This one's tricky. The Rockets almost assuredly have plans of bringing Chris Paul back and are talking about it as if it's a done deal. However, the bigger question is the amount of years they'd be willing to ink. Paul is a 33 year old point guard with a pretty significant injury history so Houston would like to keep the contract as short as possible, ideally at around three years. However, if Paul isn't willing to to settle for anything less than his full five year max of $205 million dollars, the Rockets may have to swallow some ugly years at the end of that deal.

Clint Capela - Age 24 (Restricted)
(13.9 PPG, 10.8 RPG, and 1.9 BPG on 65% True Shooting)

The Rockets will have full bird rights on Capela, so in addition to the right to match any offer given to him, they can also go over the cap to keep him. It's likely Houston waits until July 1st to offer Clint the qualifying offer, and subsequently waits until a team gives him an offer sheet they can match. It'll be interesting to see what kind of money Capela will demand in this market (his maximum figure is approximately four years, $108 million).

Trevor Ariza - Age 32 (Unrestricted)
(11.7 PPG, 4.4 RPG, and 1.5 SPG on 56.7% True Shooting)

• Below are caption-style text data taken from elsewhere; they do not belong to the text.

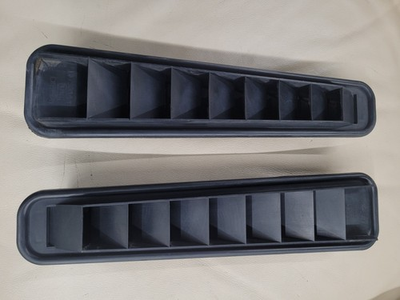 #ad #ad Body Pressure Relief Valve GM 15816854 Suburban Yukon Tahoe 2005 $145.00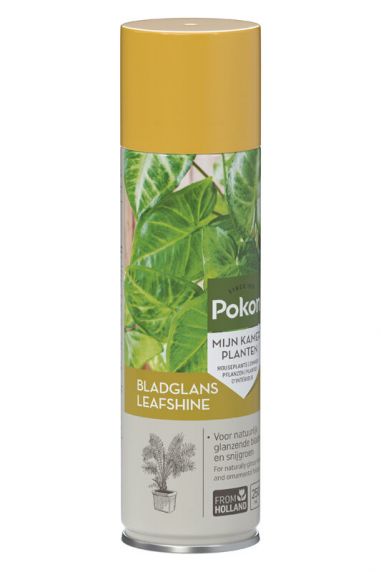 Pokon-bladglans-250ml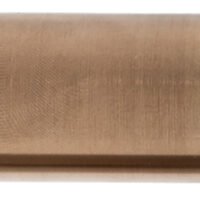 Rob Roberts Gun Works 200143 T3 Triple Threat Invector-DS 12 Gauge 17-4 PH Stainless Steel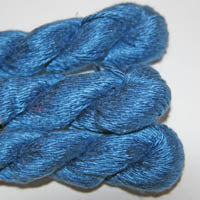 Load image into Gallery viewer, Pepper Pot Silk (100-199)
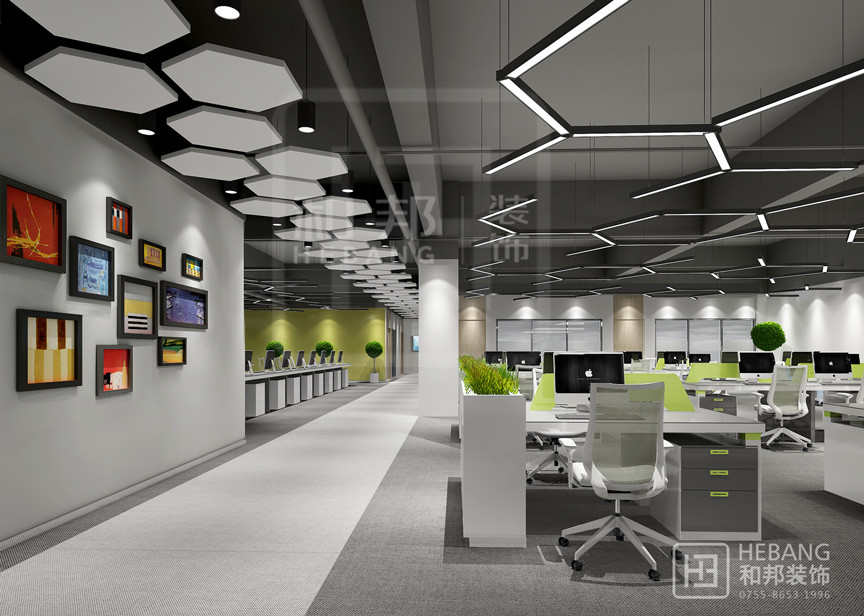 1604731715828582.jpg 5.jpg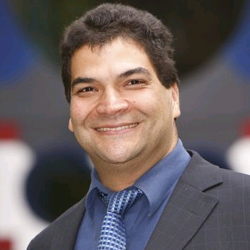 Michael Barrett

Trevor Ariza has been an invaluable piece for the Rockets over the past four years on a very reasonable contract. He's been a reliable defender, decent 3-PT shooter, and an overall perfect fit next to James Harden in the starting lineup. However, with Ariza turning 33 in late June, it's hard to see a situation the Rockets give him more than their tax player mid level exception.

Many teams could use a player like Ariza but his age makes it tricky to predict what he'll get on the open market. Out of the wings the Rockets have in free agency, Ariza will likely be the most expensive to bring back due to his reliability.

Luc Mbah a Moute - Age 31 (Unrestricted)
(7.5 PPG, 3.0 RPG, and 1.2 SPG on 59.5% True Shooting)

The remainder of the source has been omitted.